Things to do from today.

OK, I went over several things today. I showed you how to straighten up a photograph of some art in the gallery using transform/distort in Photoshop. I showed you also how to use the Clone Stamp tool to retouch damage on a photograph and I went over the printing to a .ps file and Distilling to a .pdf file in InDesign again. Also in InDeign, I showed you how to package an InDesign document with links and fonts for transport and opening on a different computer. I totally ignored Illustrator today. Try doing all of these things I showed you today and be ready to ask questions on Weds about them if you have problems.

I want a laser printout (8.5 x 11 Letter) of your Jack and Jill Photoshop assignment at the start of class on Weds. Save from Photoshop as a .tif and use InDesign to make the .ps/.pdf to print to the laser printer. You will need to add money to your Print Audit account if you haven’t already done so to print to the OP1224 laser printer.

Find a damaged photo (or, use the one I worked with today) and retouch out all the damage in the photograph as best you can with your existing Photoshop skills – primarily using the clone stamp tool and whatever other tool(s) you think might work in restoring the image. Your options are to use pixels from other areas in the image, adjust the pixels (lightness/darkness, hue, saturation, etc..), or make new pixels (this option is the most difficult). You have until Friday for that one (I want retouched image laser printed on Friday at the start of class).

Remember to save anything you have done in the last couple of weeks (as a .jpg) and upload to your blog and start posting. I like reading your trials and tribulations.

.ps to .pdf

In the near future you may encounter problems submitting your print job to the inkjet printer in OP1250 (OP Output) The problem typically is due to the file size of the pdf you are making. The .pdf is too large (larger than 48 MB in size). Yes, Adobe Photoshop, Illustrator have the “Save As” to .pdf option and InDesign has the “Export” option, but these paths to a .pdf do not by default compress the file size of the .pdf. You need to adjust the .pdf presets as you “Save As” (a pdf dialog box should pop up) in Photoshop and Illustrator and/or click on the “Adobe PDF Presets prior to “Export” and adjust the presets to lower the file size. In the dialog box, select the “Smallest File Size” present, then click on the “Compression” option in the left column of the dialog box.
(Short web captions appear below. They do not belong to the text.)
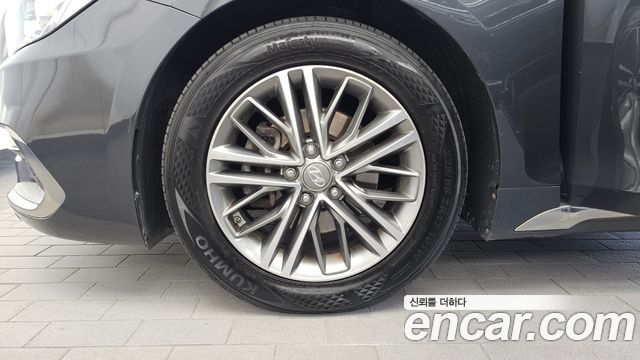 Hyundai Grandeur из Кореи Encar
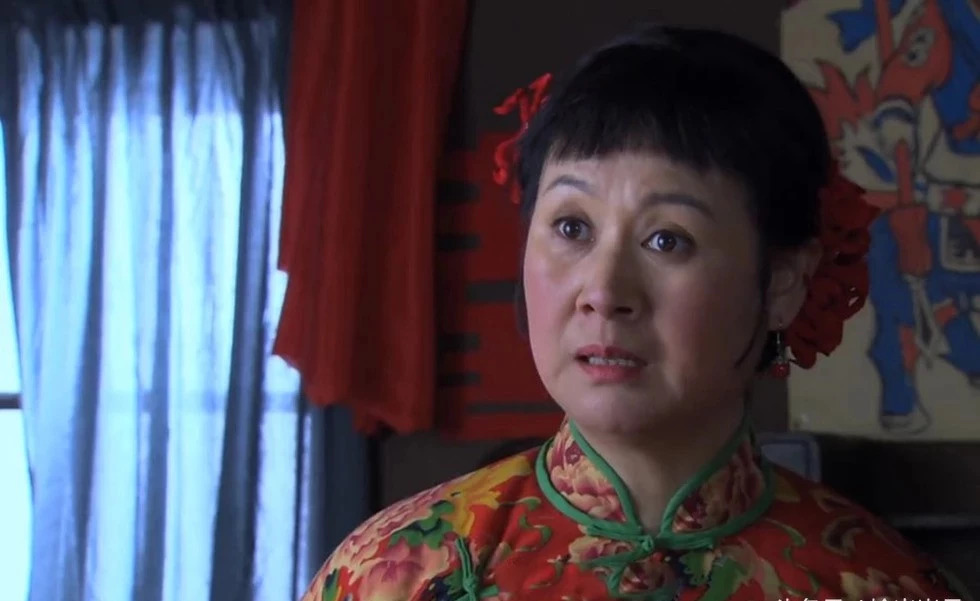 24年后坦言:与赵本山不再是"同路人"|相亲|黄晓娟|赵本山_新浪新闻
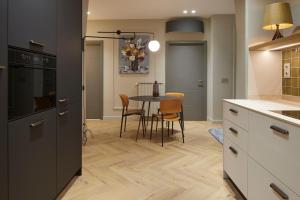 Kuchyňa alebo kuchynka v ubytovaní Azoka Suite by FeelFree Rentals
Resize from 100 ppi to 150 ppi in the Color and Grayscale Images options then click “Save” or “Export”

The best process for creating a small file size pdf is to “Print” to a .ps (Postscript) file and use Acrobat Distiller, distill the .ps file to a .pdf – using the “Standard” preset. This process will typically take a 60 to 80 MB .psd file and creates a 1.2 to 1.8 MB .pdf. I will go over this again in class tomorrow. Print the job and in the Print dialog box, select Postscript Printer instead of an actual printer and make sure you select the Acrobat 9 PPD (Postscript Page Description). Walk through all the options and choose the appropriate settings as you normally would do if printing to an actual printer. When you click the print button, the software will “print” the data to a file (make sure you know where you are sending the .ps file). Drag and drop the .ps file into Acrobat Distiller and it will crunch your. ps file and make you a .pdf. Now you now have the most reliable .pdf you can make.

Too bad this process is no longer supported by Adobe or Apple. We had to hack the computers and set them up to do this. If you want to be able to do this on your own Mac, see me. I can show you how.